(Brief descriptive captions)

━━━━━━━━━━━━━━━━

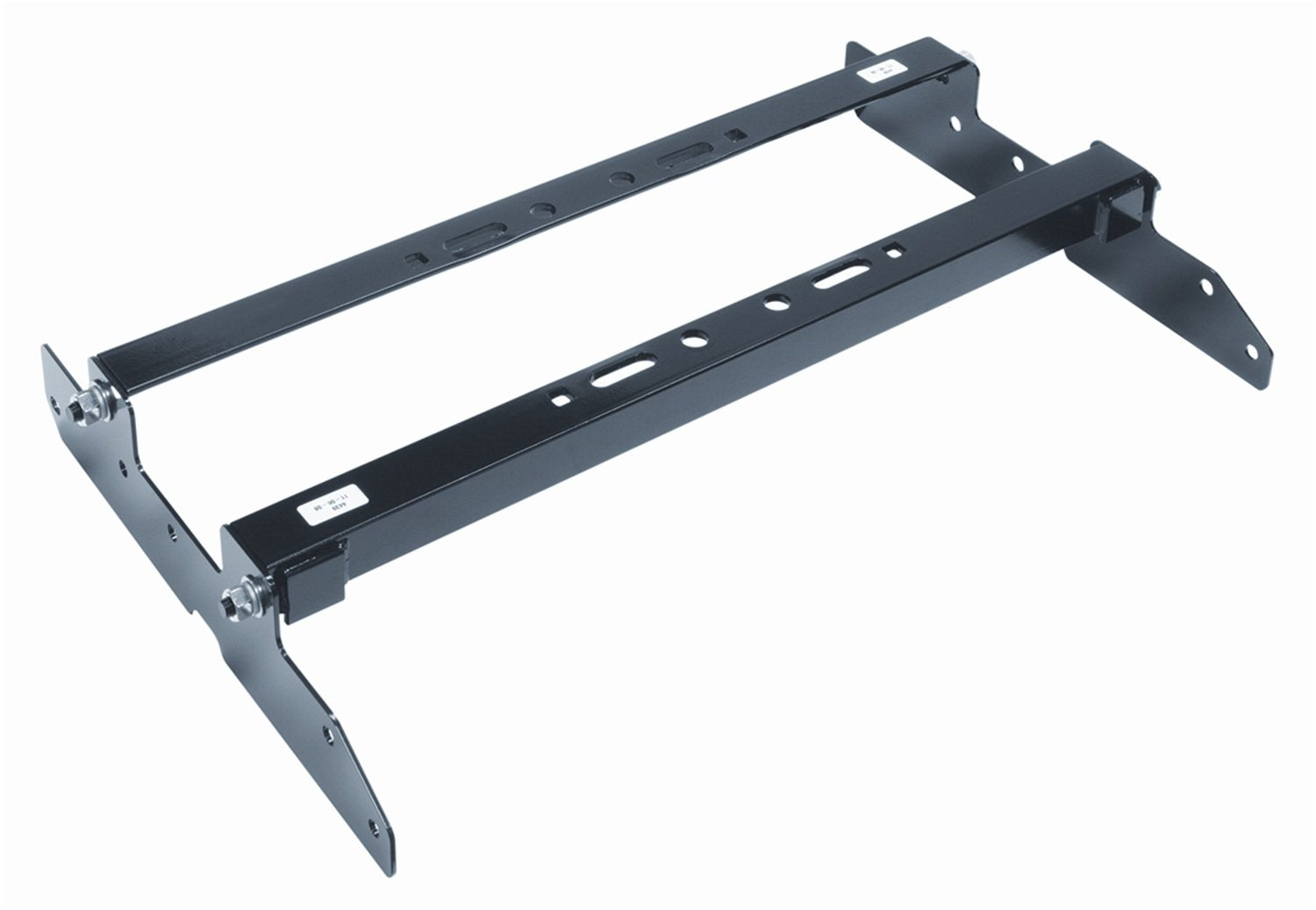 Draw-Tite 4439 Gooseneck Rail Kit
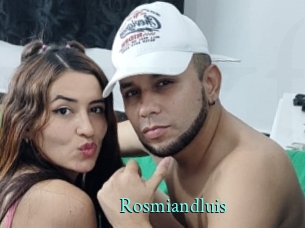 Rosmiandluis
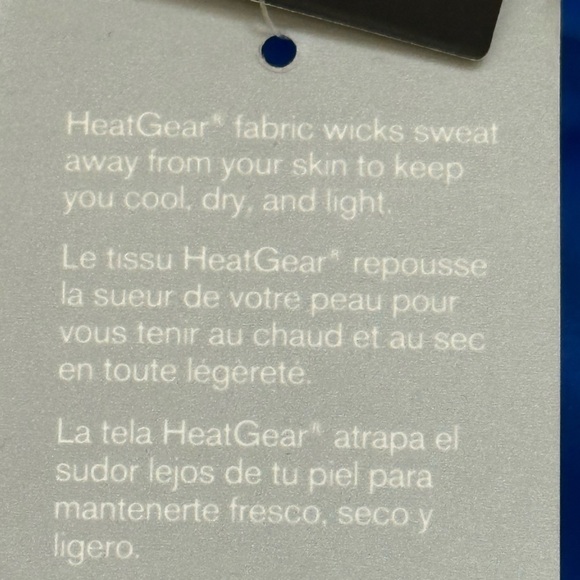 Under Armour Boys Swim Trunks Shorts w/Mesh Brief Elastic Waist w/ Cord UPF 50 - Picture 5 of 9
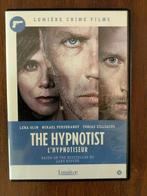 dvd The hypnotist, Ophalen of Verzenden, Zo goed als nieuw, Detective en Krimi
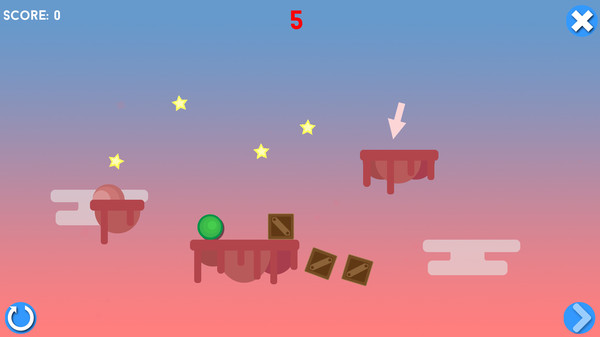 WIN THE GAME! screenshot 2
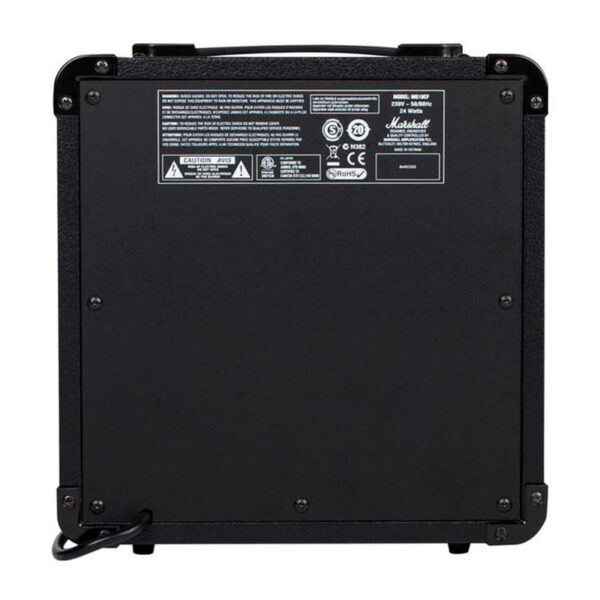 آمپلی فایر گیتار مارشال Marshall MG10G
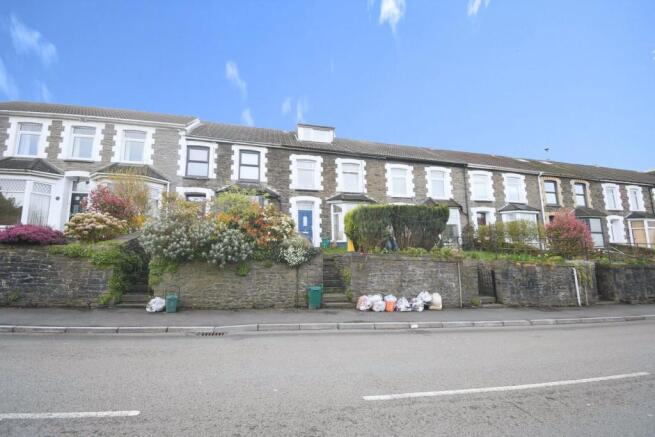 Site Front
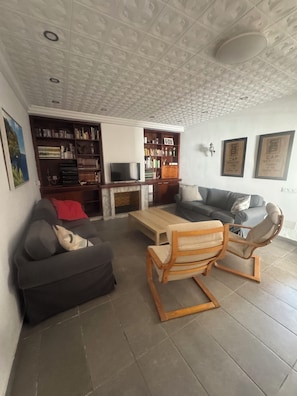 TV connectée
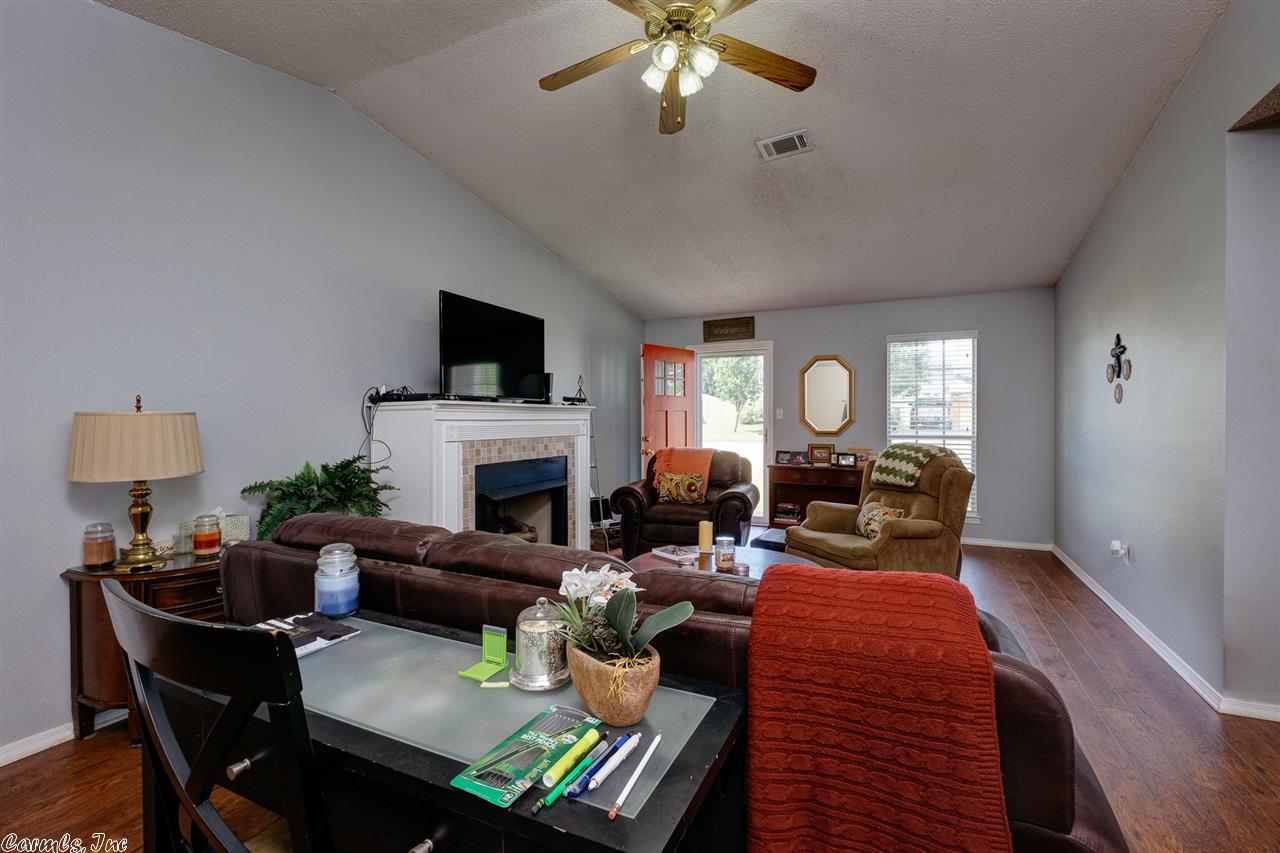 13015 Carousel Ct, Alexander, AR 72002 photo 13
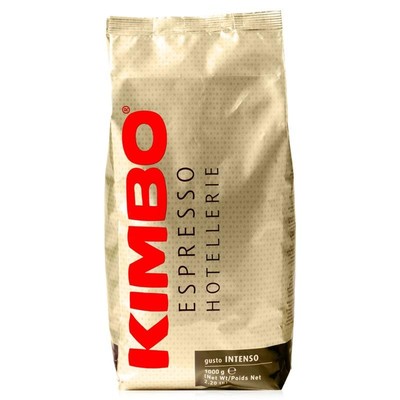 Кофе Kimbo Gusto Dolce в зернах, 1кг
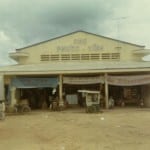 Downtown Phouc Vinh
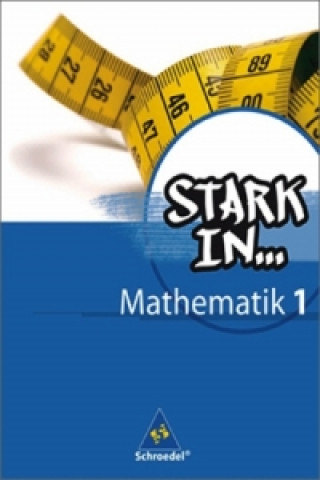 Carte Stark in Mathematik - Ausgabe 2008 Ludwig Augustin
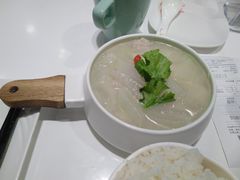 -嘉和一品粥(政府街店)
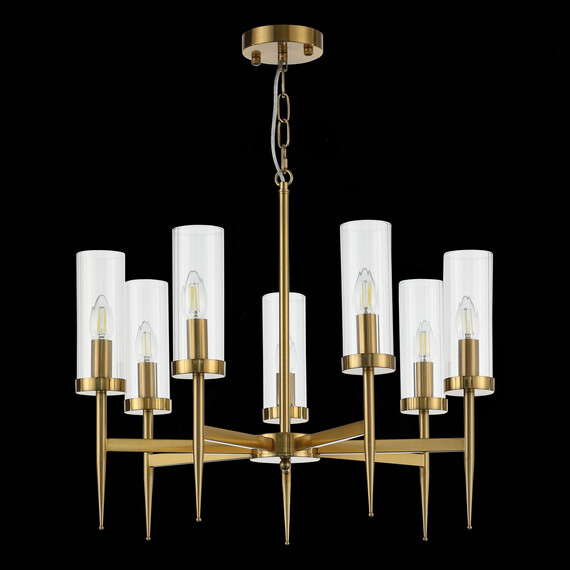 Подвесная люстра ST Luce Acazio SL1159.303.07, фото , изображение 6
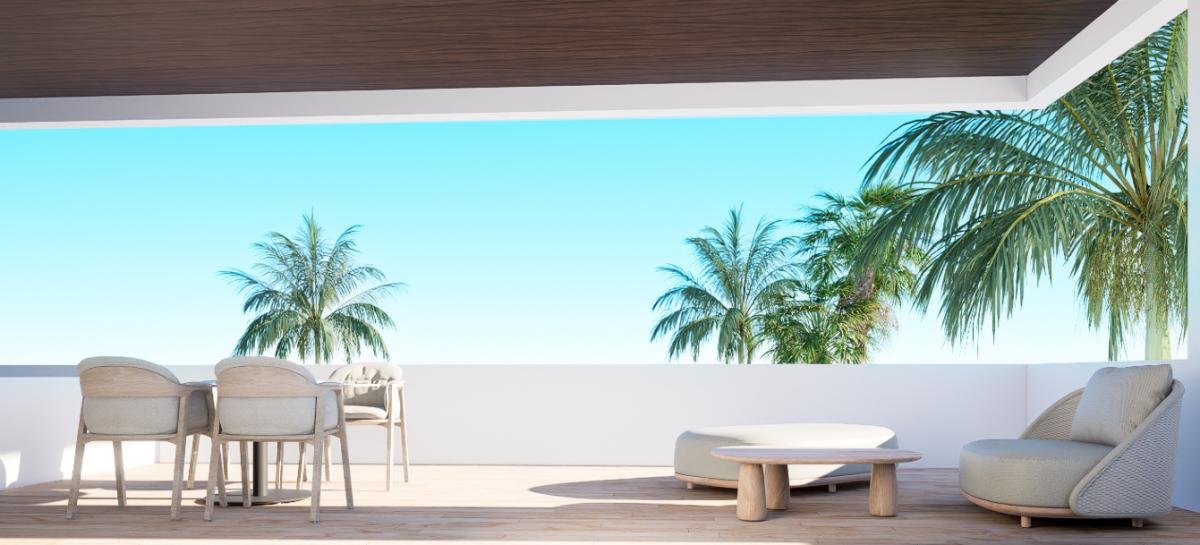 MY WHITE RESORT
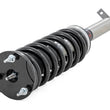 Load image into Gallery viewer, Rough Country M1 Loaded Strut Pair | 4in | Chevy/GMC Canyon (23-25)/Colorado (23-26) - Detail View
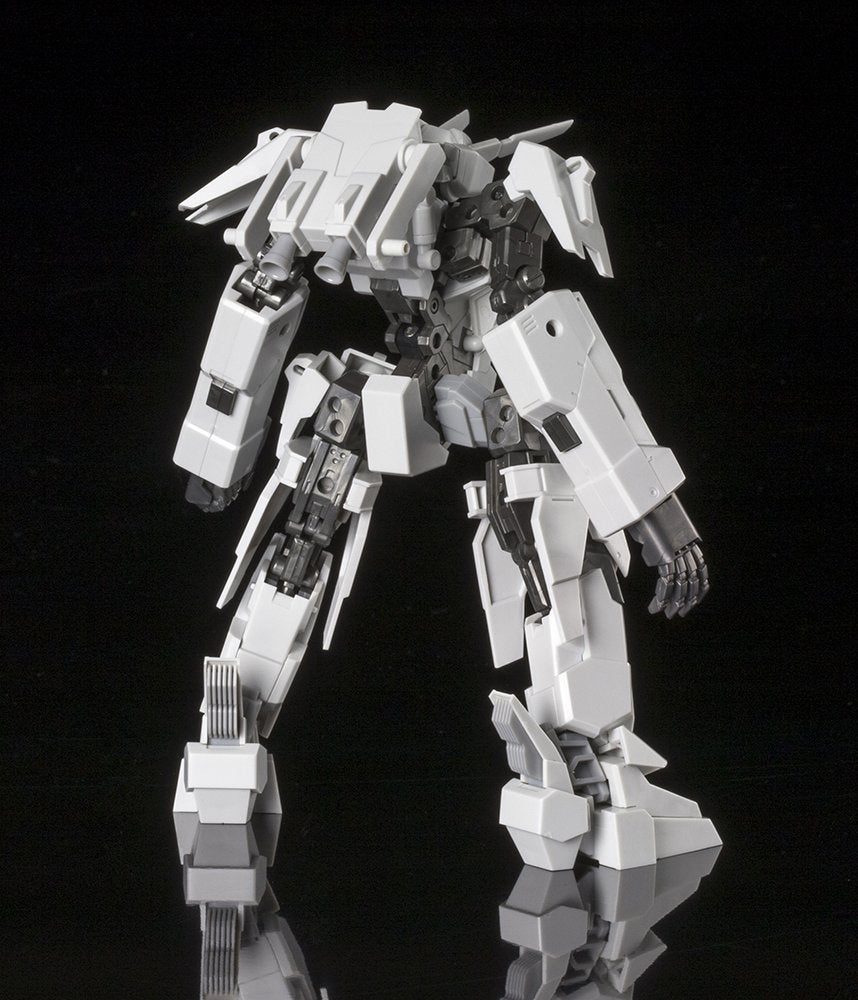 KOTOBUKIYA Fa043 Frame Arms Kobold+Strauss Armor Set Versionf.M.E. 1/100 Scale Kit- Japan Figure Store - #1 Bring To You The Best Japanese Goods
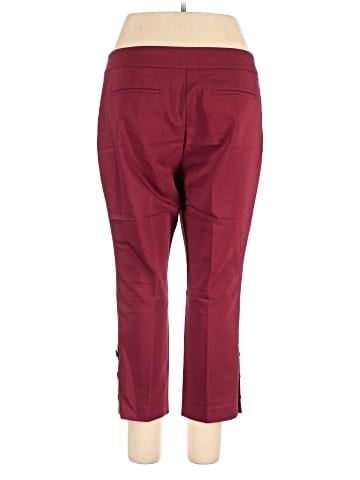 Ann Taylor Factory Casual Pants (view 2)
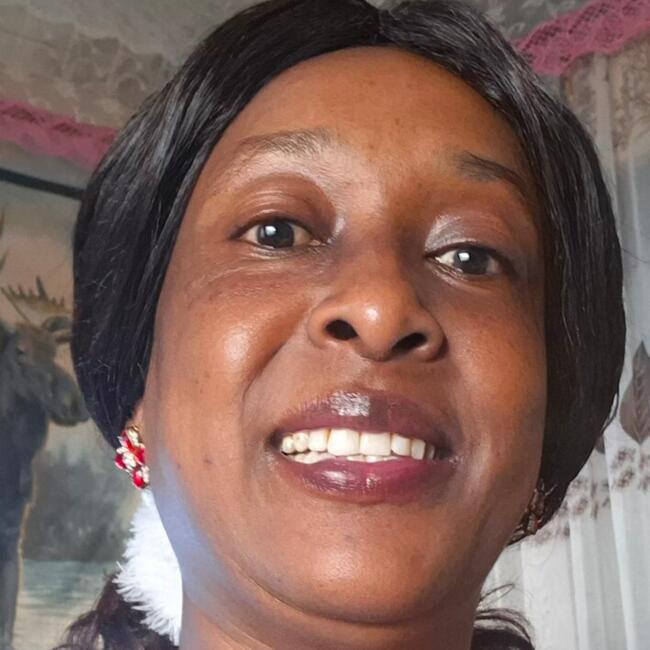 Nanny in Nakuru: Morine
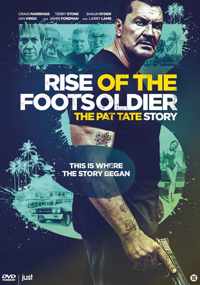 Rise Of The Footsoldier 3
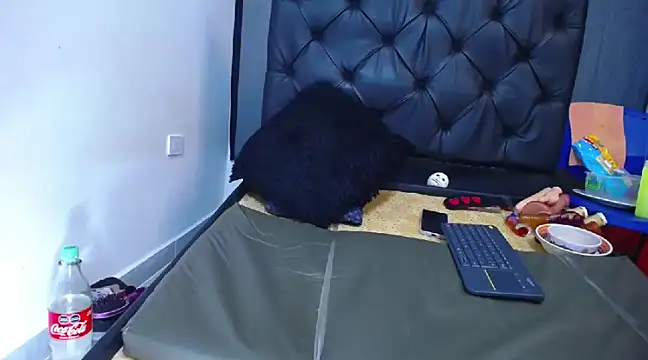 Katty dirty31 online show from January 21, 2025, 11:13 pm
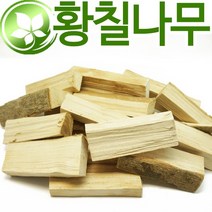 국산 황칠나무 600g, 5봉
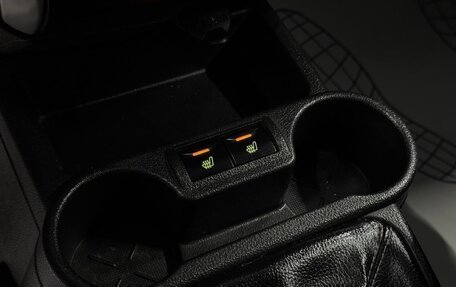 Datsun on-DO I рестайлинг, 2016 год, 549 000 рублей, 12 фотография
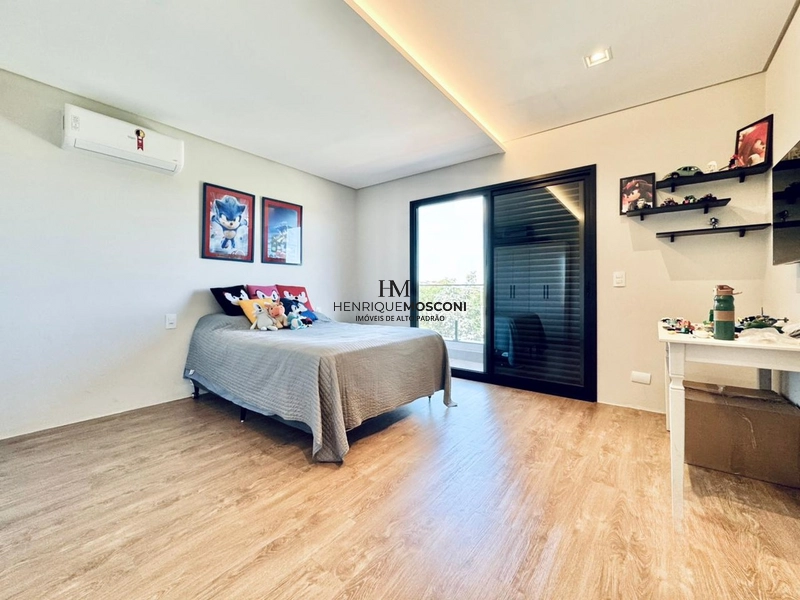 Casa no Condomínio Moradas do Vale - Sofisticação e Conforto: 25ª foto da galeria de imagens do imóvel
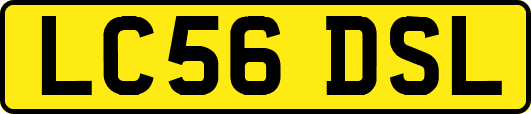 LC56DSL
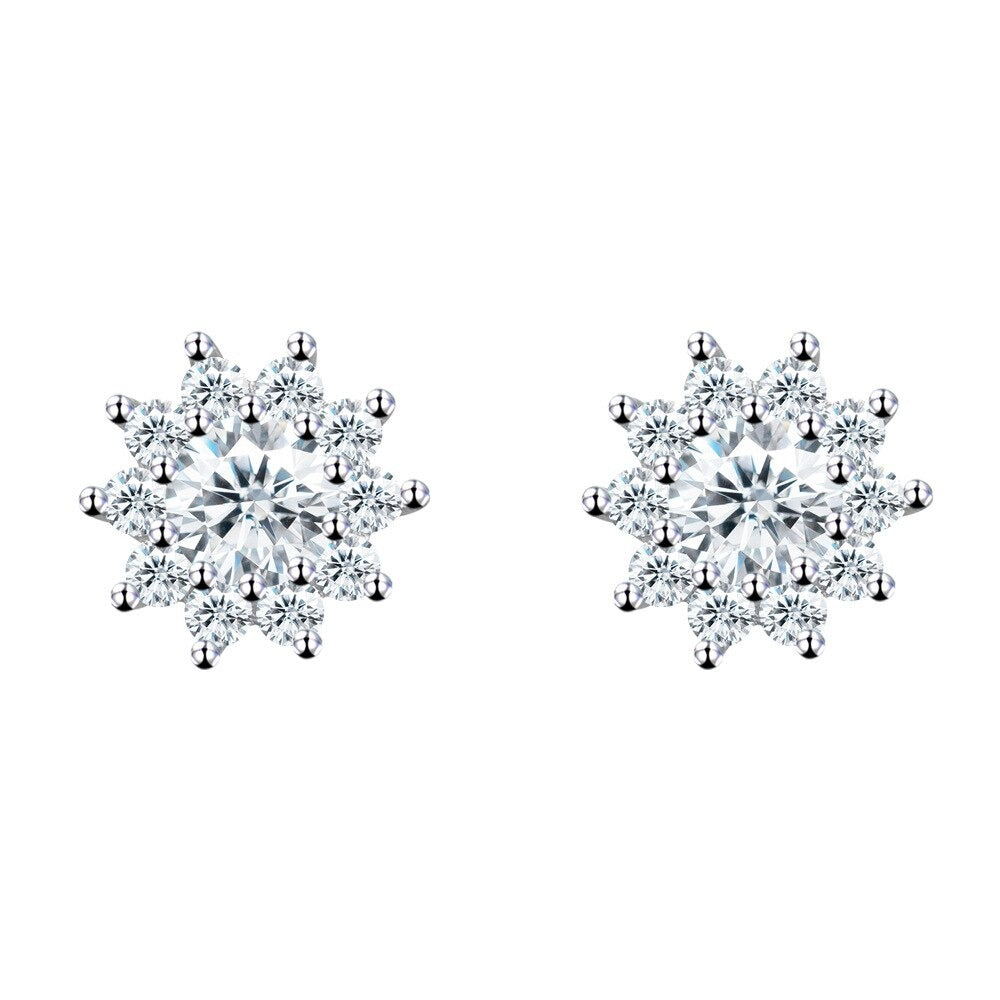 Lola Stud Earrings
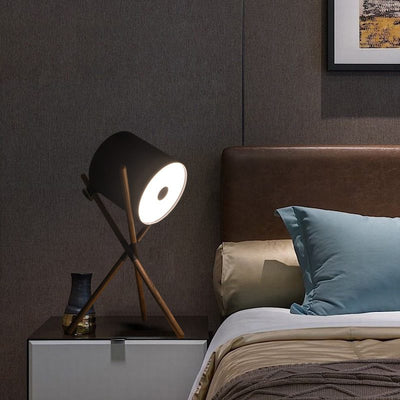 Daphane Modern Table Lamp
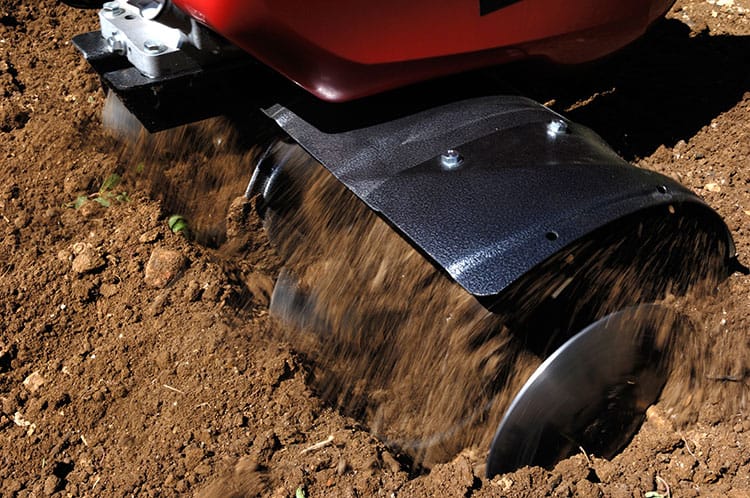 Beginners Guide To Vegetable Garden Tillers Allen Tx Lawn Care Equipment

━━━━━━━━━━━━━━━━

[Instructions to follow] Restate the entries above word for word, minus the pictures.

[Written answer]
 Draw-Tite 4439 Gooseneck Rail Kit
 Rosmiandluis
 Under Armour Boys Swim Trunks Shorts w/Mesh Brief Elastic Waist w/ Cord UPF 50 - Picture 5 of 9
 dvd The hypnotist, Ophalen of Verzenden, Zo goed als nieuw, Detective en Krimi
 WIN THE GAME! screenshot 2
 آمپلی فایر گیتار مارشال Marshall MG10G
 Site Front
 TV connectée
 13015 Carousel Ct, Alexander, AR 72002 photo 13
 Кофе Kimbo Gusto Dolce в зернах, 1кг
 Downtown Phouc Vinh
 Carte Stark in Mathematik - Ausgabe 2008 Ludwig Augustin
 -嘉和一品粥(政府街店)
 Подвесная люстра ST Luce Acazio SL1159.303.07, фото , изображение 6
 MY WHITE RESORT
 Load image into Gallery viewer, Rough Country M1 Loaded Strut Pair | 4in | Chevy/GMC Canyon (23-25)/Colorado (23-26) - Detail View
 KOTOBUKIYA Fa043 Frame Arms Kobold+Strauss Armor Set Versionf.M.E. 1/100 Scale Kit- Japan Figure Store - #1 Bring To You The Best Japanese Goods
 Ann Taylor Factory Casual Pants (view 2)
 Nanny in Nakuru: Morine
 Rise Of The Footsoldier 3
 Katty dirty31 online show from January 21, 2025, 11:13 pm
 국산 황칠나무 600g, 5봉
 Datsun on-DO I рестайлинг, 2016 год, 549 000 рублей, 12 фотография
 Casa no Condomínio Moradas do Vale - Sofisticação e Conforto: 25ª foto da galeria de imagens do imóvel
 LC56DSL
 Lola Stud Earrings
 Daphane Modern Table Lamp
 Beginners Guide To Vegetable Garden Tillers Allen Tx Lawn Care Equipment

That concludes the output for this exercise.